STORED DATA:

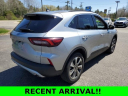 Thumbnail image of 2023 Ford Escape at Don Nester Chevrolet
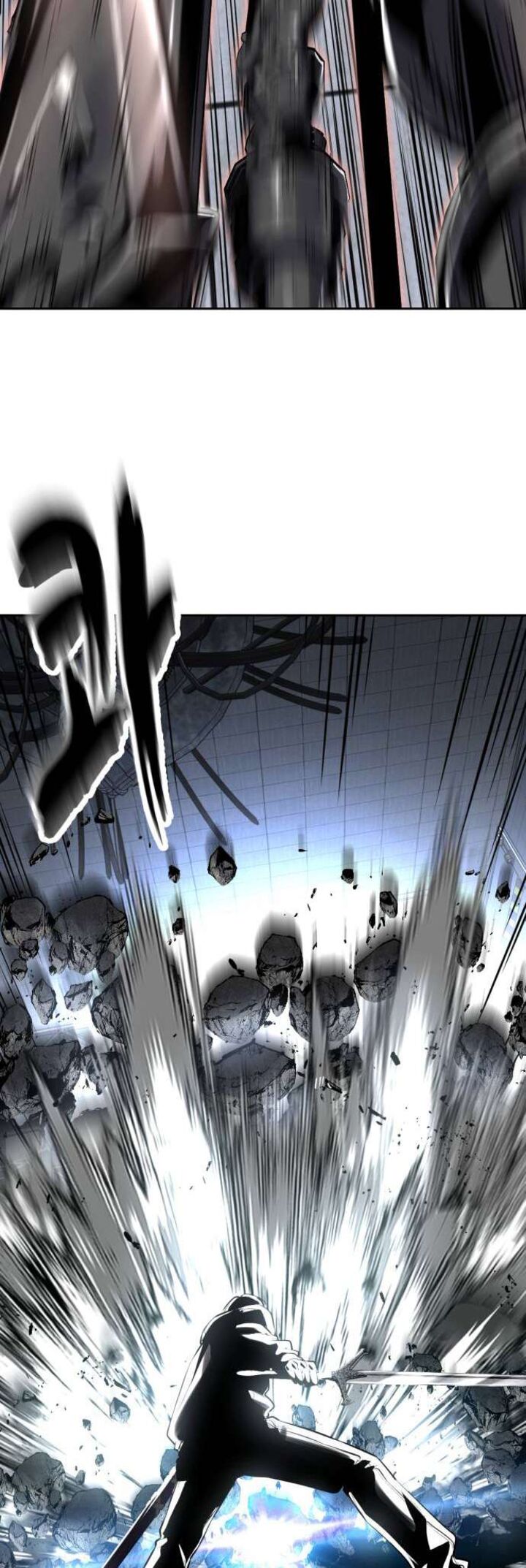 The Boy Of Death Chapter 317 Page 47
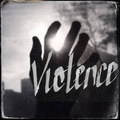 Violence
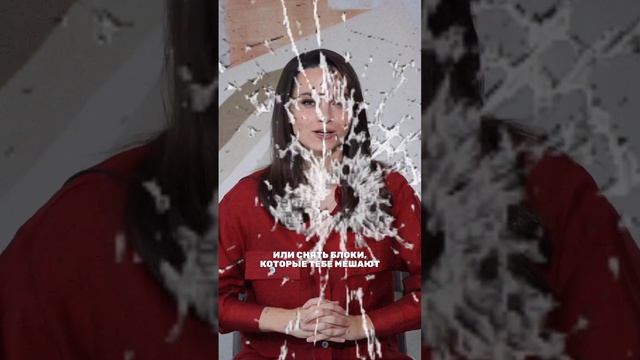 Пиши слово КОД в комментариях
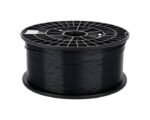 Filament  PLA Diamètre 1.75mm 1kg – Image 5
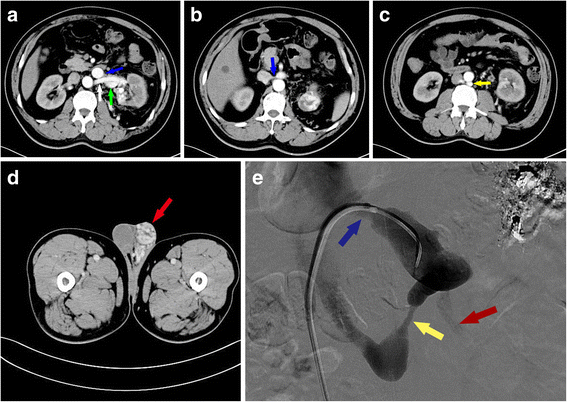 Fig. 3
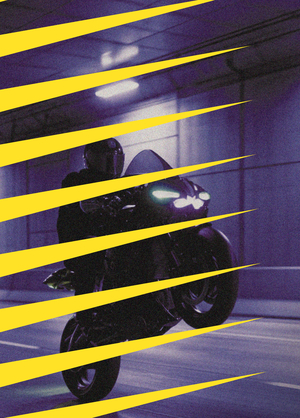MOTOSTUDY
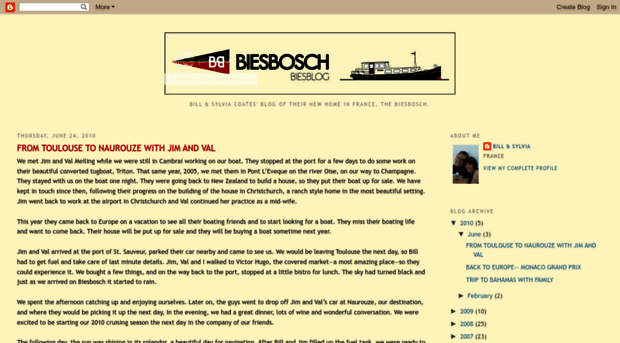 biesbosch.blogspot.fr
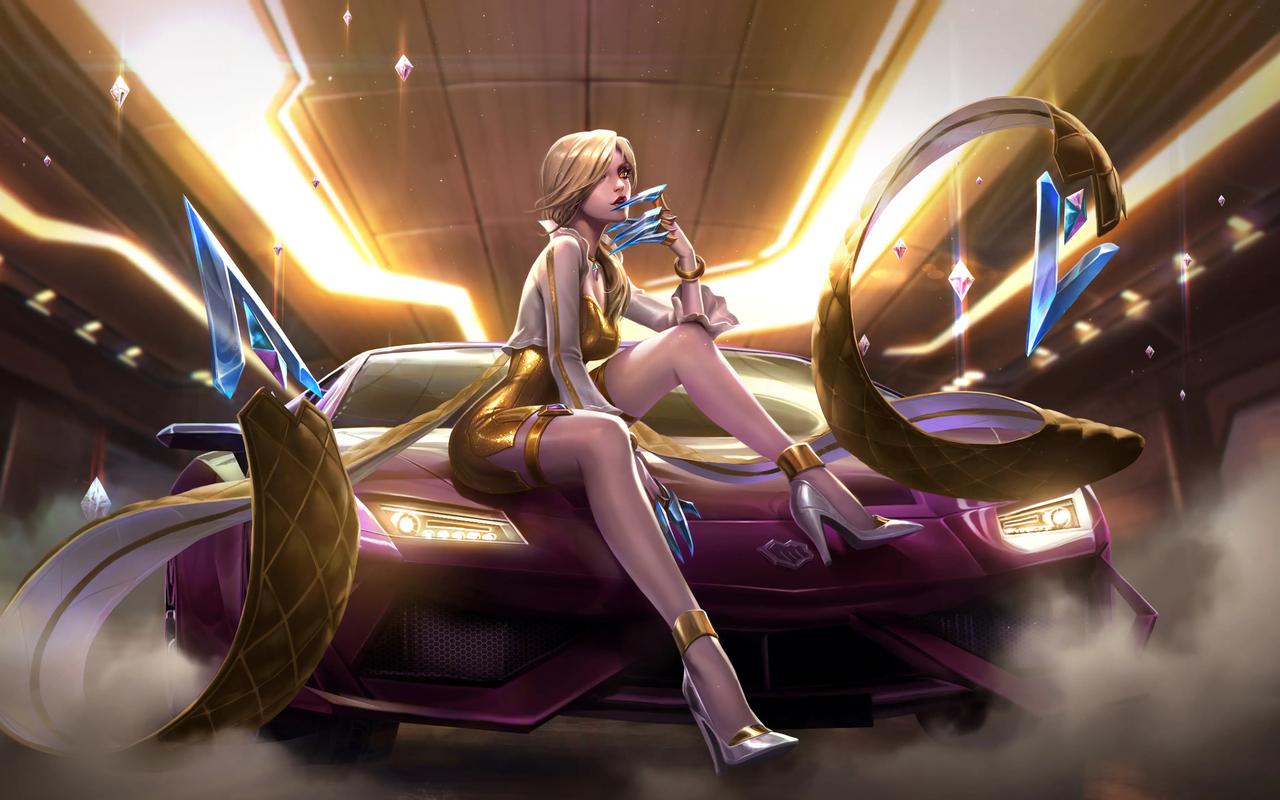 Zeus 揭示了 Major 的真实奖金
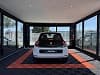 Renault Twingo 1.0 SCe - 70 Cosmic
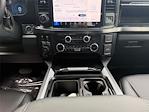 2025 Ford F-350 Crew Cab SRW 4x4 Pickup for sale #13253 - photo 11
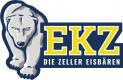 EK Zell am See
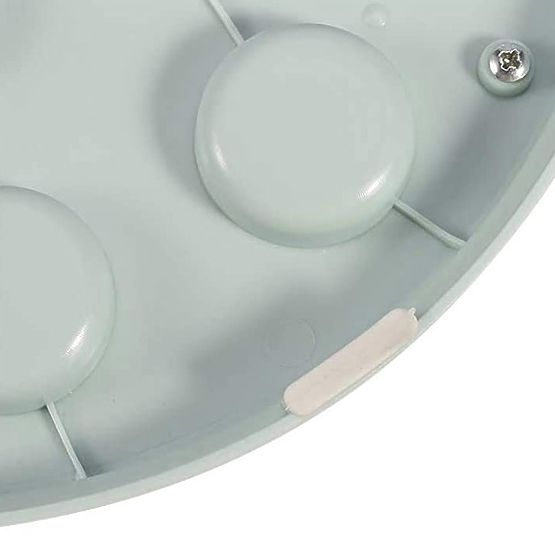 Gra Puzzle zabawka dla psa i kota Pluto morska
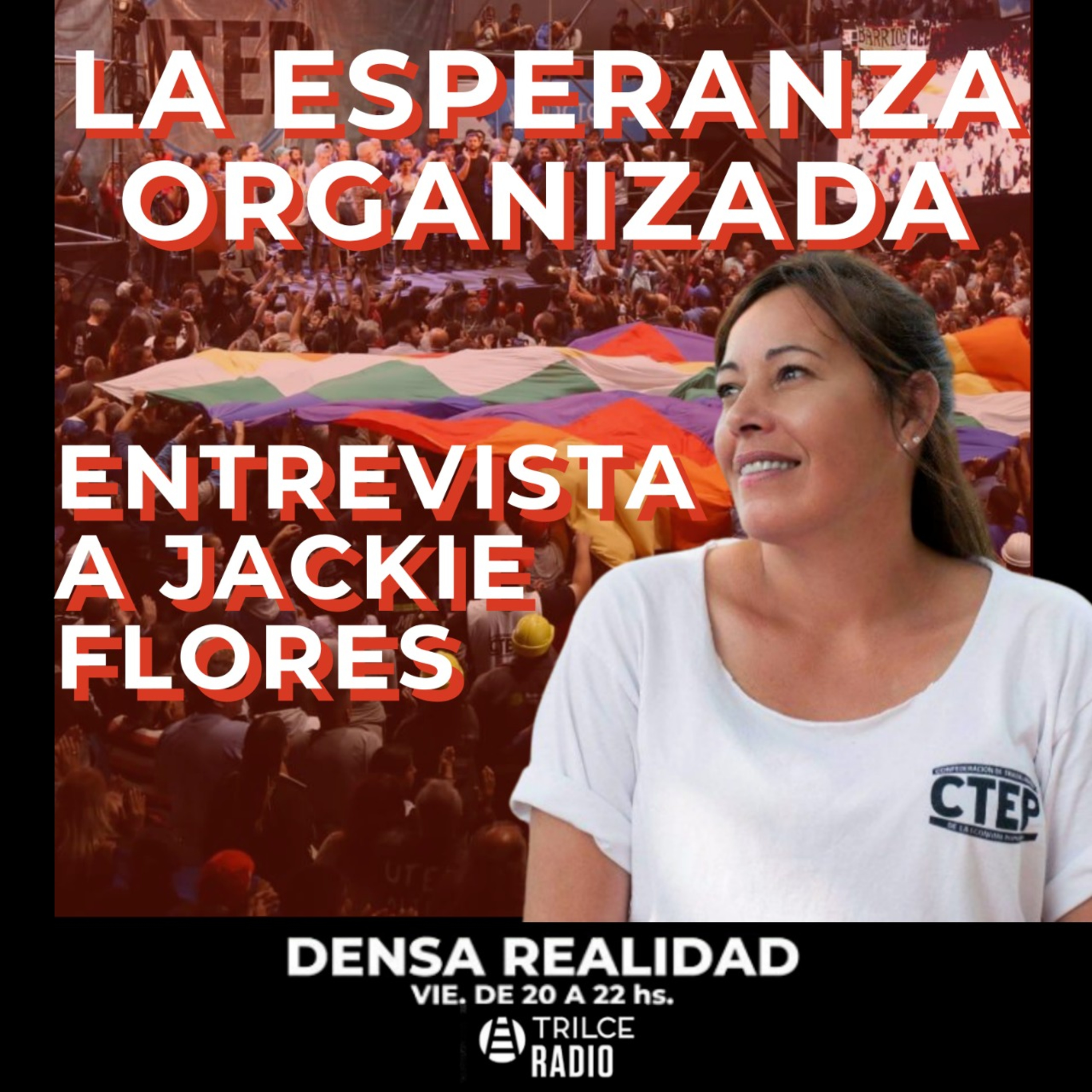 Densa Realidad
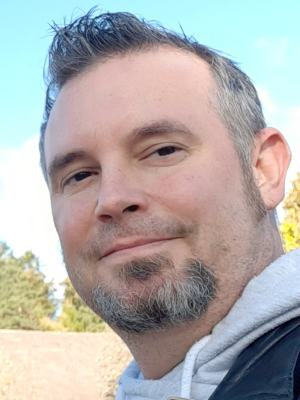 Adrian Vanoni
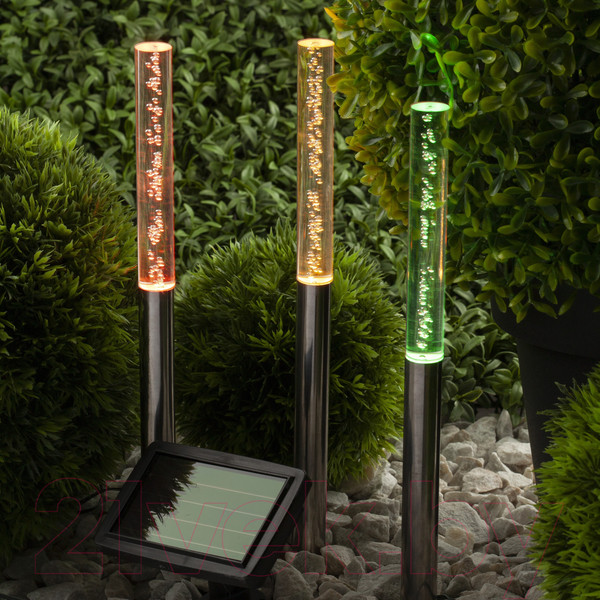 Изображение товара Светильник уличный ЭРА ERASF024-21 / Б0044230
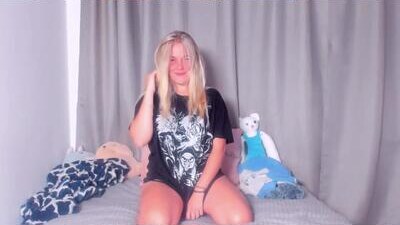 angelanty public webcam profile photo 10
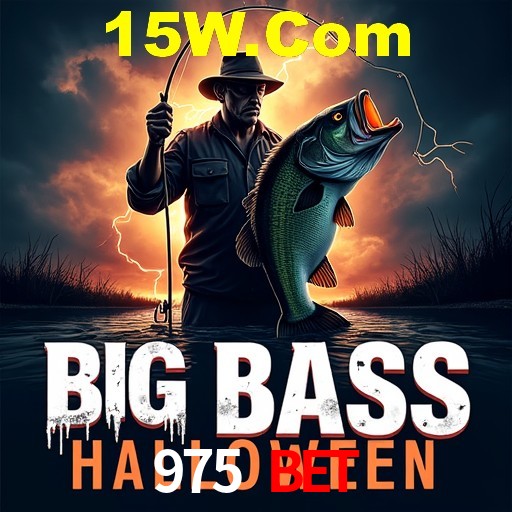 A Experiência Imersiva dos Cassinos Ao Vivo no 975 Bet
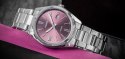 ZEGAREK MĘSKI CASIO MTP-1302PD-6AVEF + BOX (ZD072L)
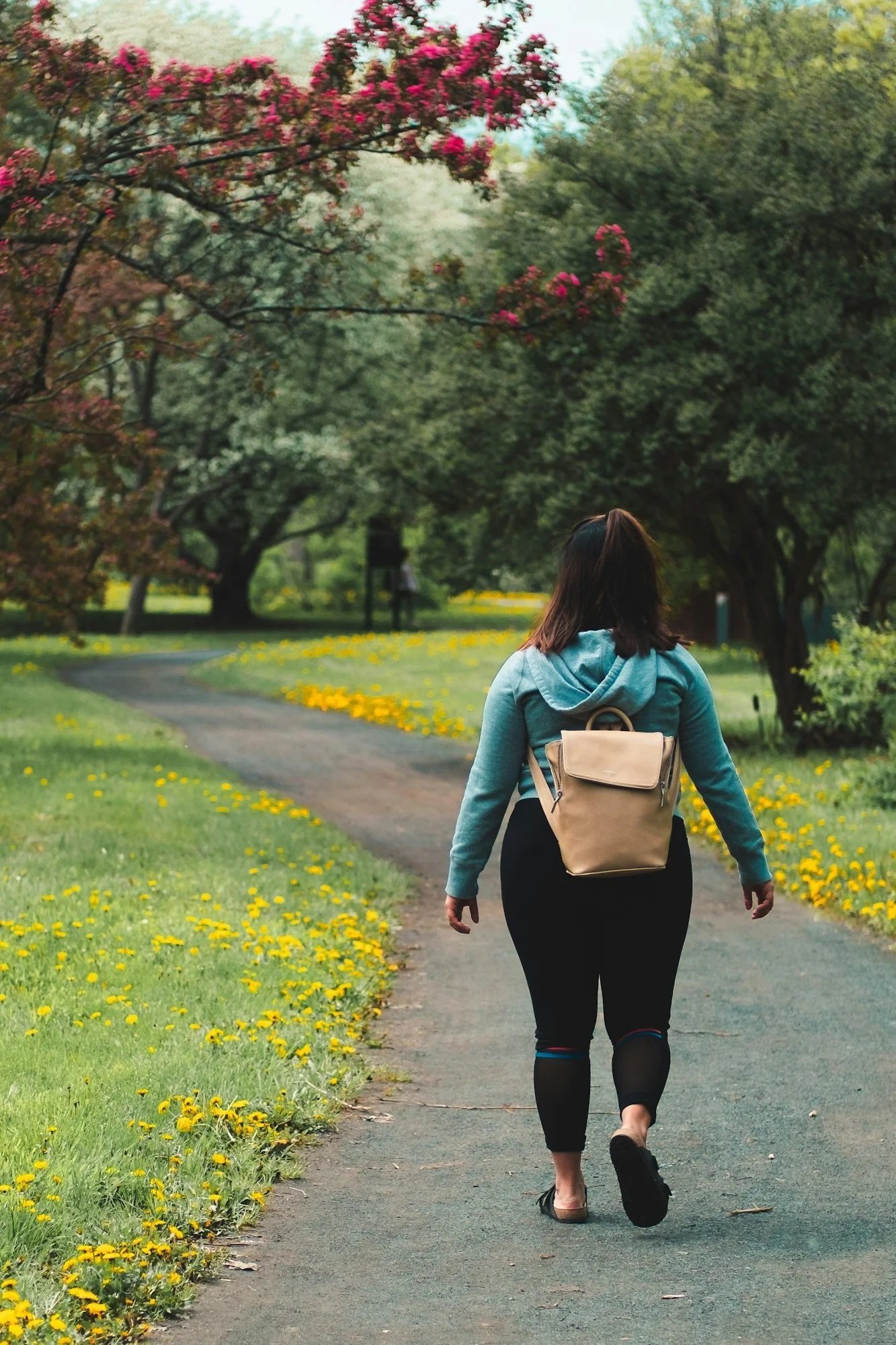 Whitehurst offers convenient access to several nearby golf courses and recreation areas throughout Eagle and the greater Treasure Valley.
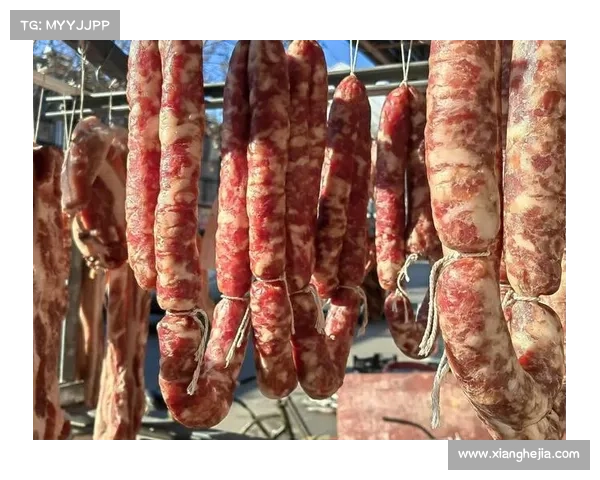 探秘灌香糖的悠久历史与独特制作工艺揭示传统与现代的完美结合 探秘灌香糖的悠久历史与独特制作工艺揭示传统与现代的完美结合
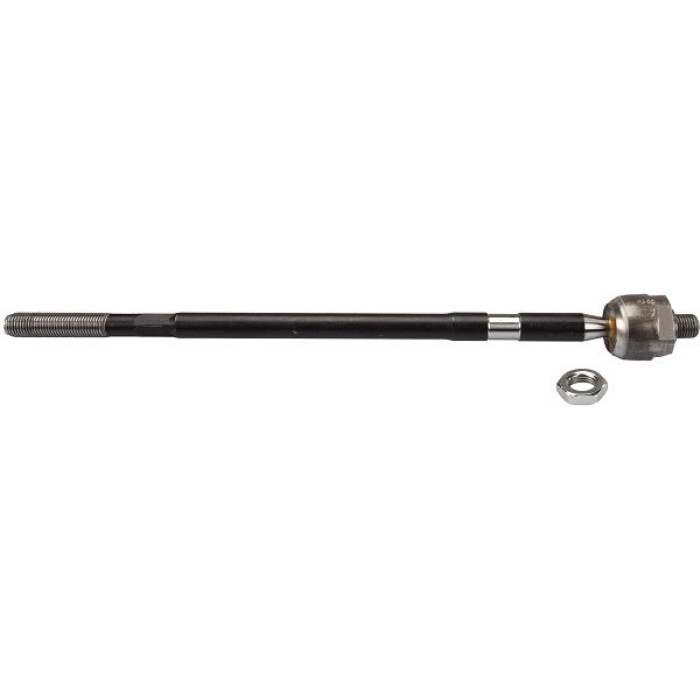 TRW JAR955 Axialgelenk, Spurstange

ACTION ITEM:
The required answer is every line from the one containing "angelanty public webcam profile photo 10" through the last line of the entries, restated word for word and with no pictures.

EXERCISE SOLUTION:
 angelanty public webcam profile photo 10
 A Experiência Imersiva dos Cassinos Ao Vivo no 975 Bet
 ZEGAREK MĘSKI CASIO MTP-1302PD-6AVEF + BOX (ZD072L)
 Whitehurst offers convenient access to several nearby golf courses and recreation areas throughout Eagle and the greater Treasure Valley.
 探秘灌香糖的悠久历史与独特制作工艺揭示传统与现代的完美结合 探秘灌香糖的悠久历史与独特制作工艺揭示传统与现代的完美结合
 TRW JAR955 Axialgelenk, Spurstange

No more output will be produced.